Subject: The Agreement

Question 1

Does subsection 8-1(2) of the Income Tax Assessment Act 1997 (ITAA 1997) preclude a deduction in respect of the amount paid by Company A to Company B for the assignment of the Distributorship Agreement between Company B and Company C?

Answer

Yes.

This ruling applies for the following periods:

Year ended 30 June 2007.

The scheme commences on:

1 July 2006.

Relevant facts and circumstances

Introduction

The ruling is in respect of the income tax treatment of an amount paid by Company A for the assignment of a distribution agreement, hereafter described as the Agreement.

Parties to the Transaction

The parties to the Transaction (as described below) that is the subject of this ruling are:

Documents

The Transaction that is the subject of this ruling has been ascertained from the following documents:

General Background

Company A was listed as a public company on the Australian Securities Exchange.

Company A's principal and continuing activities are in the industrial maintenance, commercial construction, utilities and resources sectors.

Prior to the acquisition of the Company B business in 2006 and which is described below:

Company A's business was broadly in the hiring of equipment.

Company A did not actively engage in the retail trade of equipment.

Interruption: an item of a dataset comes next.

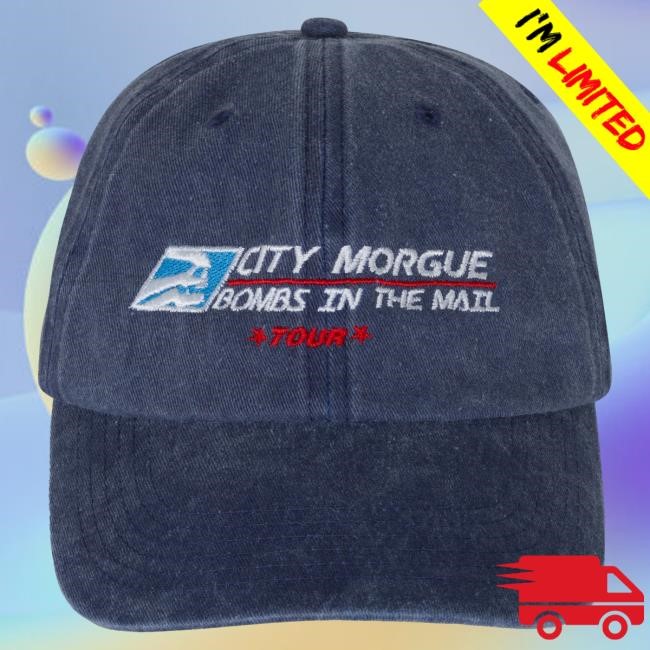 Official City Morgue Merch City Morgue Bombs In The Mail Tour Courier Hat City Morgue Clothing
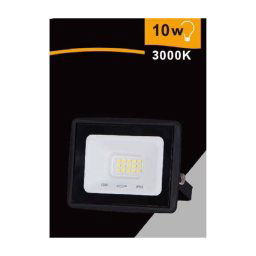 Trade Shop - Faretto Led Faro 10 Watt 900 Lm Ip65 Nero Luce Fredda Naturale Calda Ek02-10w-n - -bianco Caldo -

After the acquisition of Company B, Company A's website indicated that the Company B business complemented Company A's existing hire business. The website also referred to the expansion and future growth opportunities that the Company B acquisition presented to Company A.

Transaction

Acquisition of Company B

In August 2006 Company A acquired the Company B business (and holder of the Agreement).

The Applicant contends that acquisition of the Company B business provided, inter alia, the following benefits to Company A:

Securing the distribution agency for the equipment for the term of the Agreement; and

Procurement/ROI benefits via the wholesale purchase of the equipment at a discount on retail prices.

Business Sale and Purchase Agreement

Company D entered into the BSP Agreement with Company B and Company B Guarantors whereby Company B agreed to sell its Business and Assets and Company D agreed to buy the Business and the Assets for $X.

"Assets" in the BSP Agreement included, inter alia, all interest, right and title of Company B in the Agreement:

The "The Agreement" in the BSP Agreement means:

In accordance with the BSP Agreement a Purchase Price of $X was paid by Company A for the Business and the Assets. A consideration amount of $Y was allocated to the Agreement. For this consideration, Company B assigned to Company D all Company B rights, title and interest in the Agreement.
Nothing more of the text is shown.